Since i was also building LibreMesh images, I took this ipk from those builds

LibreMesh only builds successfully upto OpenWRT 19.07.7

it a universal ipk not target specific

luci-app-batman-adv_2021-07-08-1625782035_all.ipk

You then have a luci front-end for visualisation of your batman nodes

I was also running batman-adv on ethernet also

1 Like

I built the package

CONFIG_PACKAGE_luci-app-batman-adv=y

In slightly more detail:

  • git clone https://github.com/libremesh/lime-packages somewhere
  • cp the subfolder luci-app-batman-adv into the openwrt as feeds/packages/net/luci-app-batman-adv/
  • update & install the package feeds
  • make menuconfig
  • Luci -> Applications -> luci-app-batadv

So, now I have the Luci Batman GUI, that tells me the same thing: Neigbors can be seen, but originators stays at zero. My devices still running 5.4.142 (r17390+11-9baca41064) from 10 days ago still have functioning batman. It broke somewhere since then.
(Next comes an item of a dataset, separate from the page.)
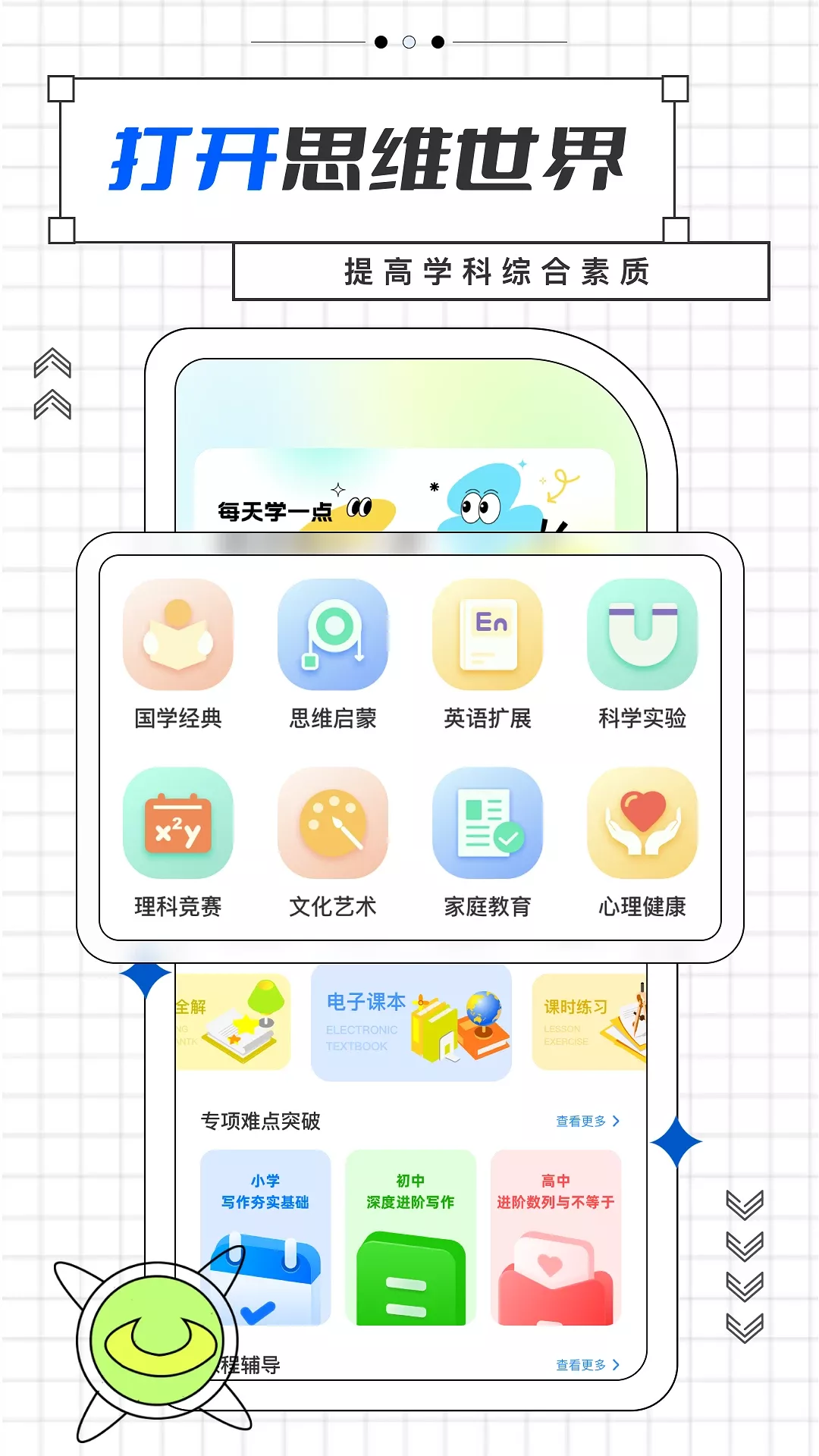 智慧中小学官方正版下载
Update: The three last mac80211 patches (between 5.4.142 and .143) seem to provoke this problem here.

1 Like

@stragies can you please test if reverting only 0f6887972a and not the other two will also make it work again?

1 Like

I thought, I had already tried that last night ... that's why I wrote, that reverting all 3 is required ... Oops.

Yes, reverting only 0f6887972a suffices to get Batman working again properly. Sorry for the confusion.

Hi @nbd, just to confirm: My builds since the revised patch you committed upstream do not exhibit the problem anymore. Thanks!

This topic was automatically closed 10 days after the last reply. New replies are no longer allowed.